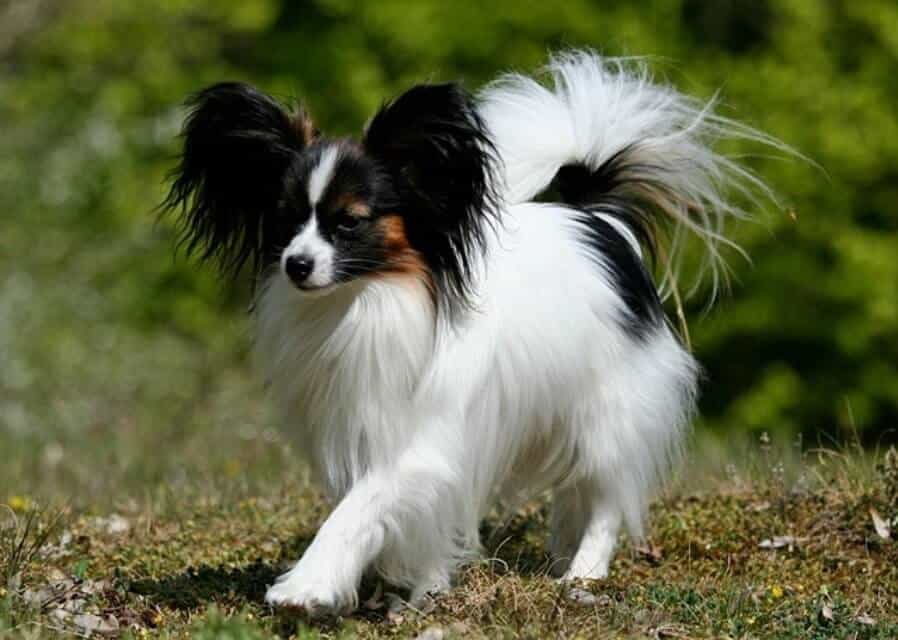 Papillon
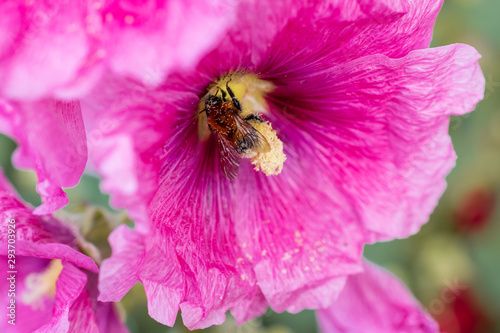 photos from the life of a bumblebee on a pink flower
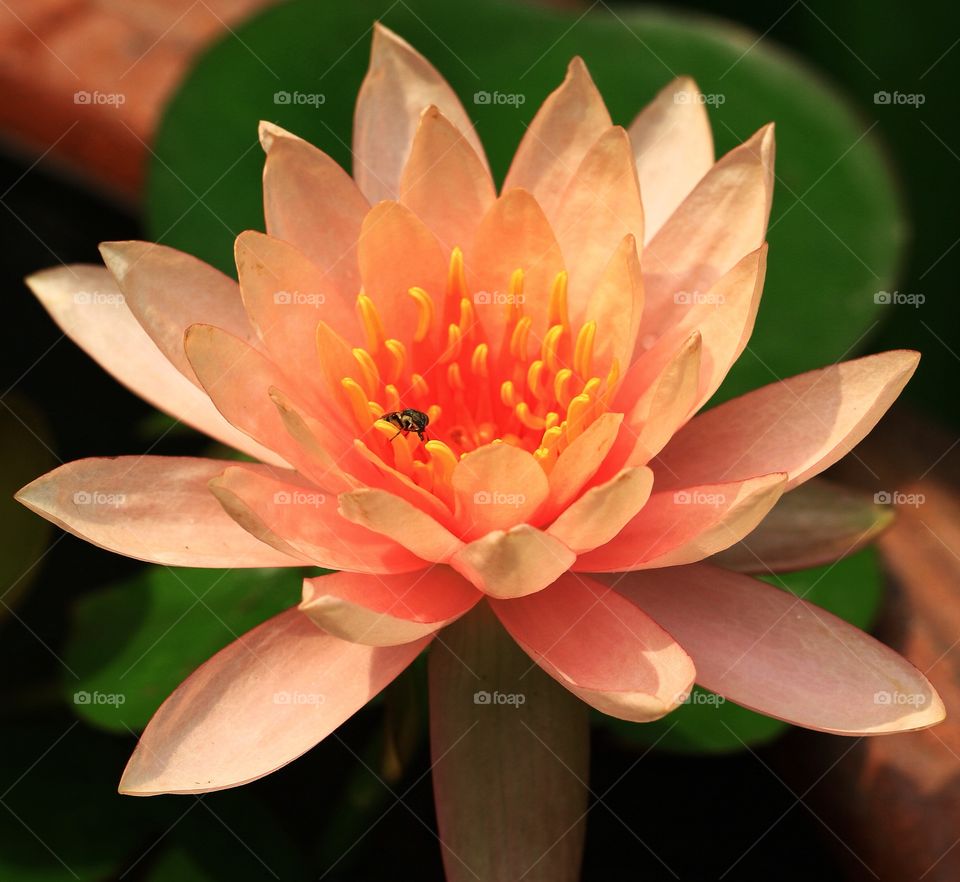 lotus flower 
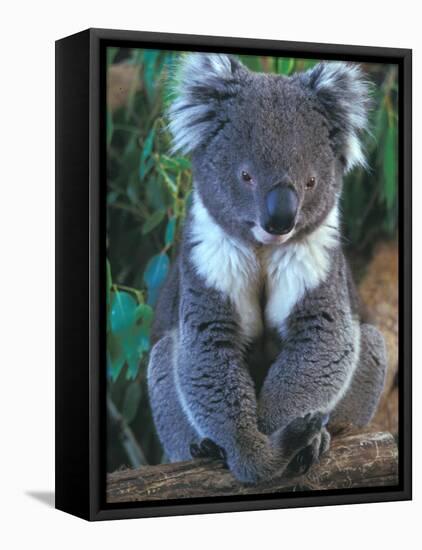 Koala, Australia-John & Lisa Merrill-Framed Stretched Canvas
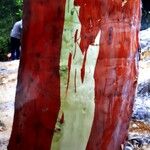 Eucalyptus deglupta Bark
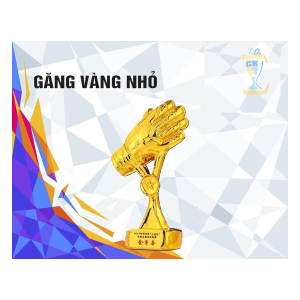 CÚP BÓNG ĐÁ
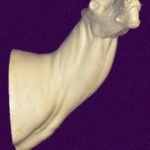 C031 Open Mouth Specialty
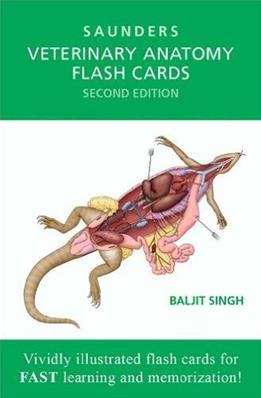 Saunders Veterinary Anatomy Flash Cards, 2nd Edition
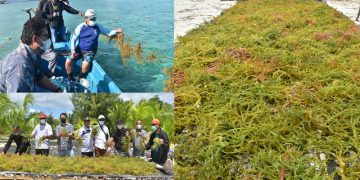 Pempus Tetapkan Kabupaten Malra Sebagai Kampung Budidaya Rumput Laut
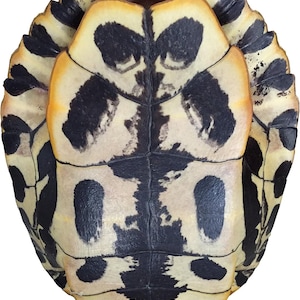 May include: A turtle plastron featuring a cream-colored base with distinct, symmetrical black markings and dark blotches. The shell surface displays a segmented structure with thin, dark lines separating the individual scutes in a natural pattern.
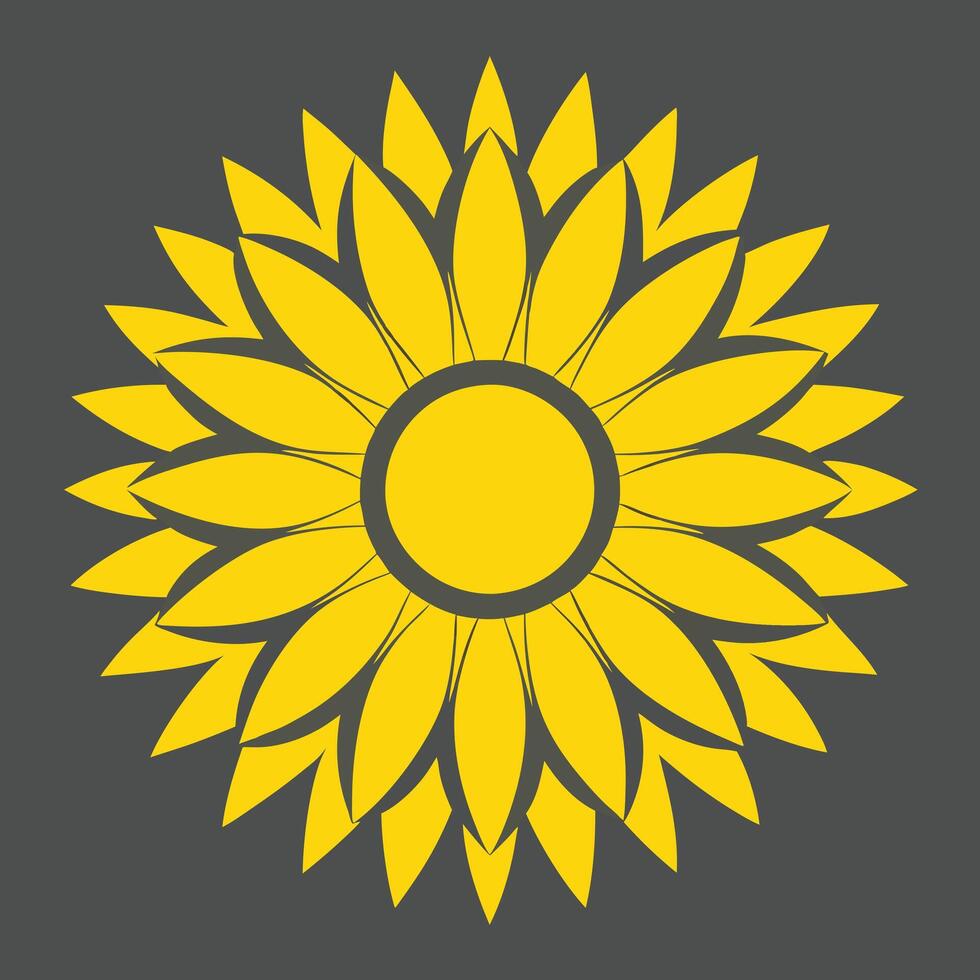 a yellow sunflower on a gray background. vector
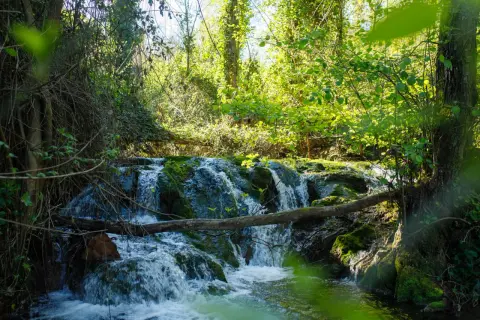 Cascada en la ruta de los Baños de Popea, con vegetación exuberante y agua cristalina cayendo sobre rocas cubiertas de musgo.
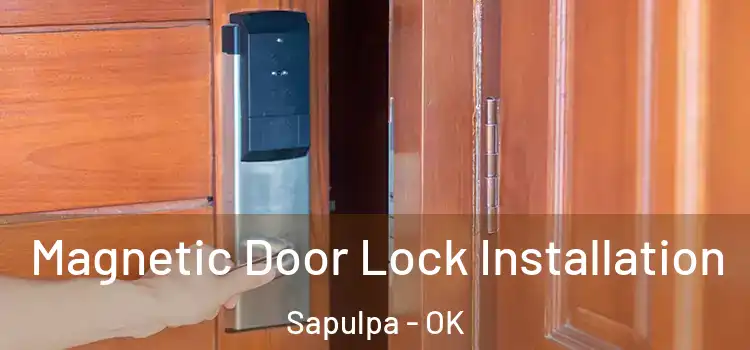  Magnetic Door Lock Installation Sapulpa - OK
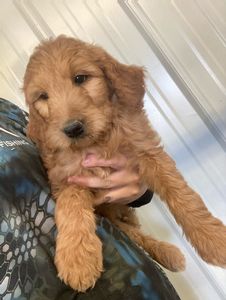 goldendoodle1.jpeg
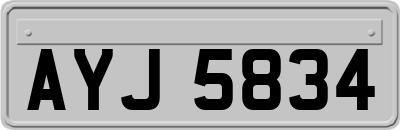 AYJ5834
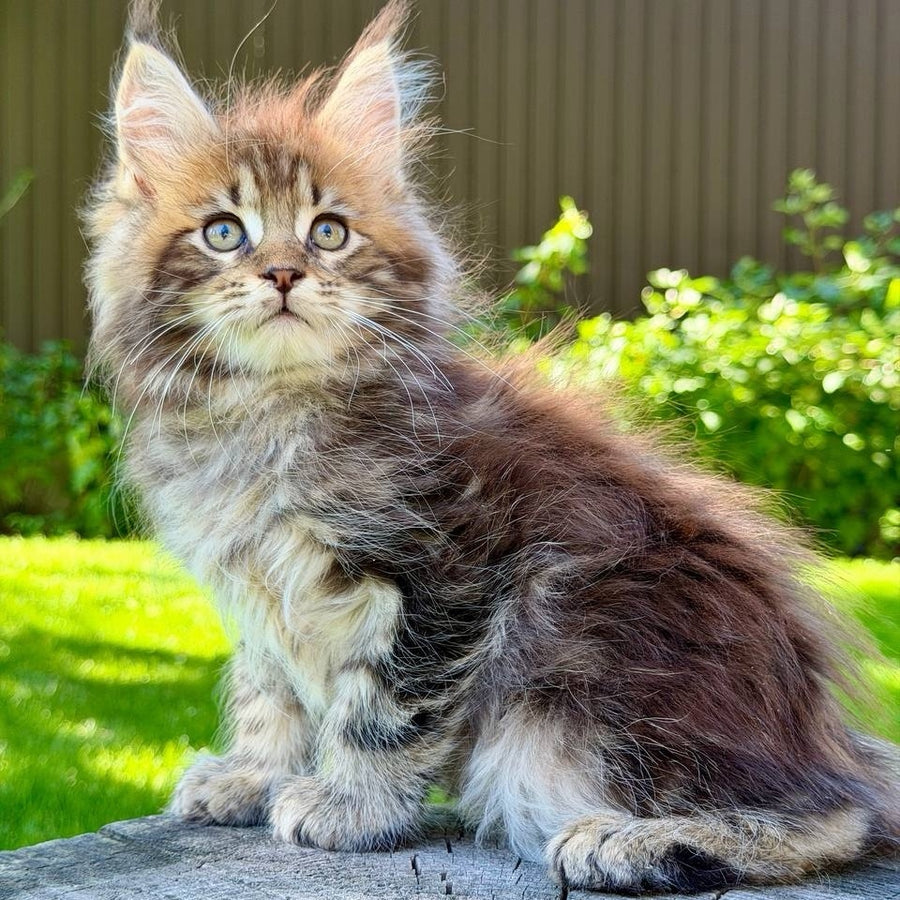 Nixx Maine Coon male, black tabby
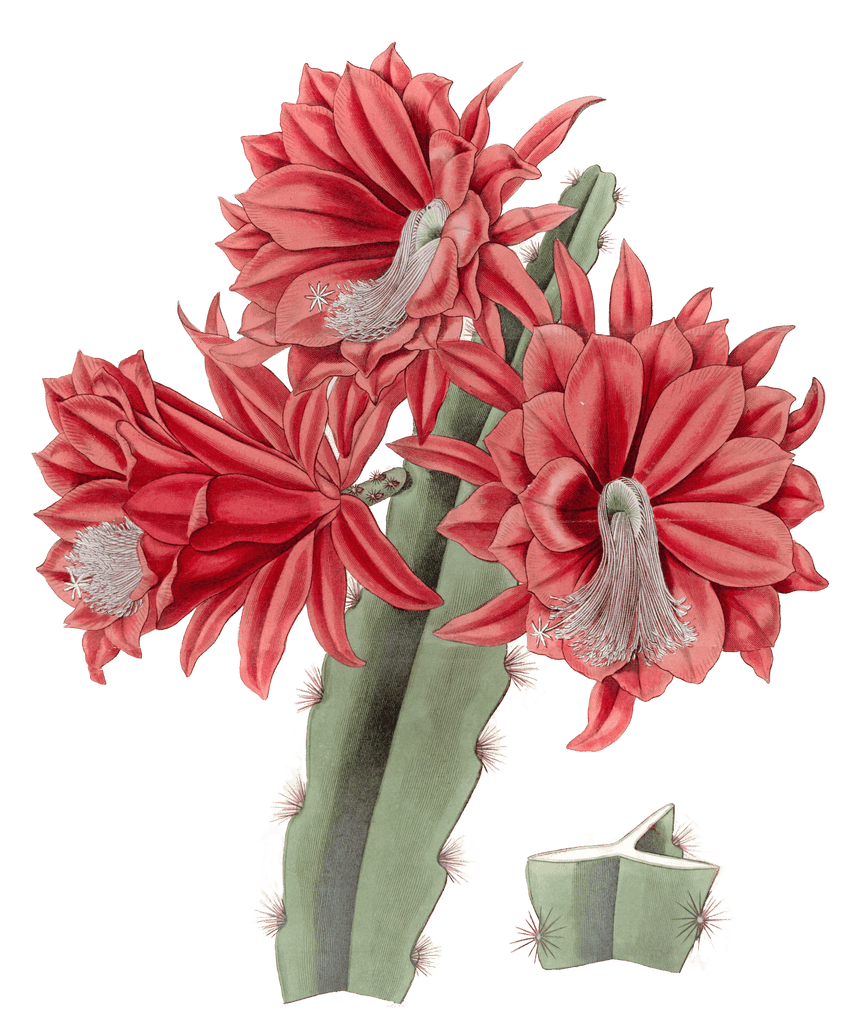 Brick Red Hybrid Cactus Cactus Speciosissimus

• ASSIGNMENT: Only the pictures are to be omitted; restate everything else above exactly.

• RESPONSE BELOW:
 Papillon
 photos from the life of a bumblebee on a pink flower
 lotus flower 
 Koala, Australia-John & Lisa Merrill-Framed Stretched Canvas
 Eucalyptus deglupta Bark
 CÚP BÓNG ĐÁ
 C031 Open Mouth Specialty
 Saunders Veterinary Anatomy Flash Cards, 2nd Edition
 Pempus Tetapkan Kabupaten Malra Sebagai Kampung Budidaya Rumput Laut
 May include: A turtle plastron featuring a cream-colored base with distinct, symmetrical black markings and dark blotches. The shell surface displays a segmented structure with thin, dark lines separating the individual scutes in a natural pattern.
 a yellow sunflower on a gray background. vector
 Cascada en la ruta de los Baños de Popea, con vegetación exuberante y agua cristalina cayendo sobre rocas cubiertas de musgo.
  Magnetic Door Lock Installation Sapulpa - OK
 goldendoodle1.jpeg
 AYJ5834
 Nixx Maine Coon male, black tabby
 Brick Red Hybrid Cactus Cactus Speciosissimus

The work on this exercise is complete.